Algorithm Analysis -- Big O Notation

(Since the OP asked for it)

You pick up a piece of paper.

• If your question mentions a number (e.g. repeat n times, or find the n-th last element):

You perform by hand on paper the operations needed to perform the mentioned action when that number is 1 (if applicable).

You repeat for each of the following values of that number: 2, 10, 20, 100, 1000 and 10000. Just for kicks you can also try with the actual number mentioned in the question.

You measure the time it took you for each case and then you plot on a piece of paper (oh, a spreadsheed would also do, I suppose) the function t(n), where t is the time, and n the number.

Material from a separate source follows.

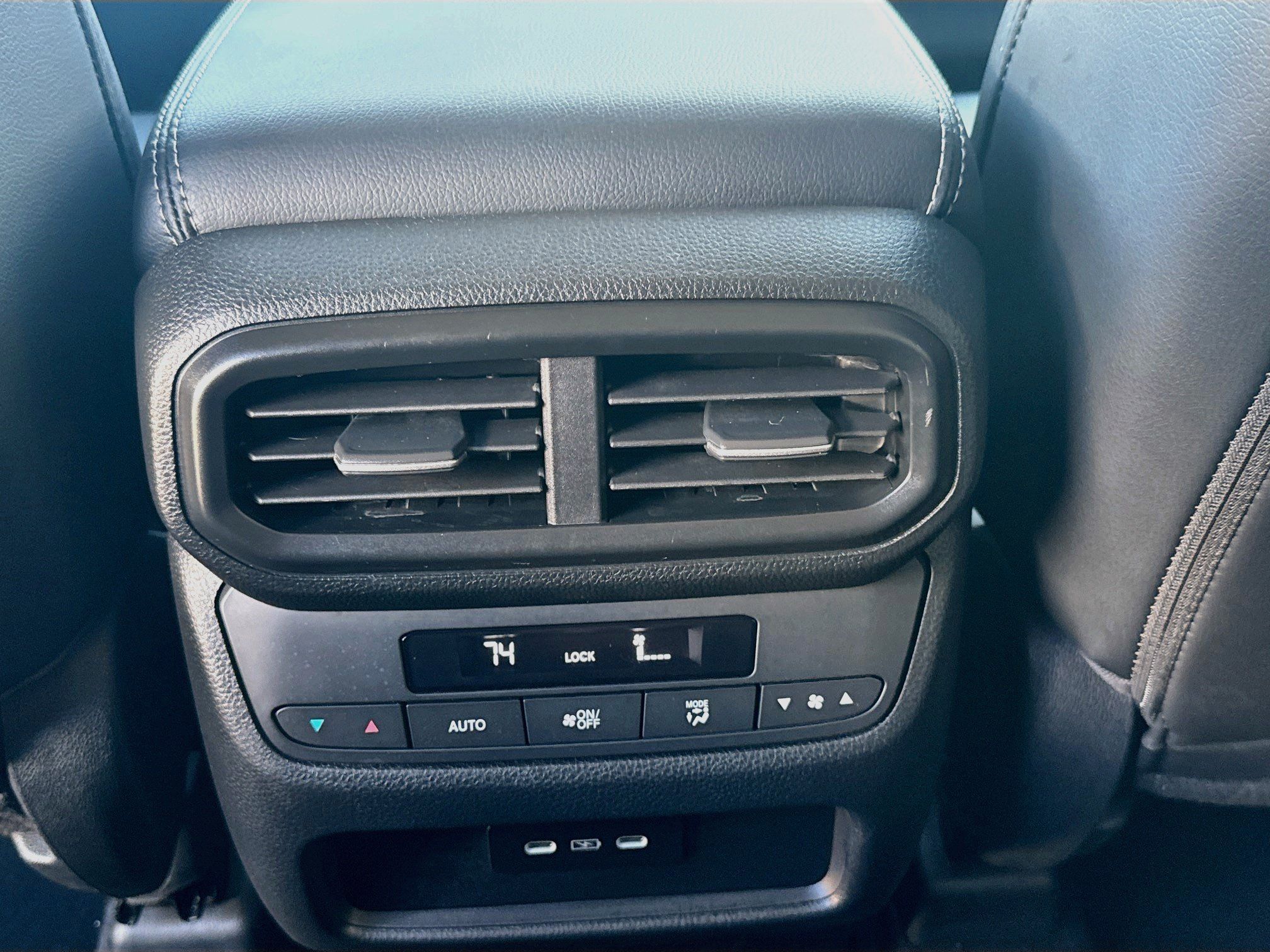 Used 2025 Honda Pilot EX-L image 22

You look through your old math books to identify the curve. E.g. if it's a parabol, you most probably have an O(n^2) algorithm in your hands.

• If your question does not mention a number:

Repeat the previous procedure above by using 2, 10, 20, 100, 1000 and 10000 elements in any data structure mentioned (array, list etc). If the "structure" is a number, just use that many digits.

NOTE:

If you manage to visualise the procedure above without turning half of this planet's remaining trees into paper or having your hand fall off, then you are half-way towards a semi-decent intuitive technique.

You should read up on the proper mathematical way to deal with this, though - intuition can only take you so far in this case.

Additionally, most of the examples that you mentioned are so basic that most people just memorize (and a bit later they just know) their complexities. You should really get a book or some decent notes on this. Introduction to Algorithms is a nice, big fat introductory book on this field.

EDIT:

Searching for algorithms and complexity in Google also produces a whole pile of interesting results. You should try it once in a while...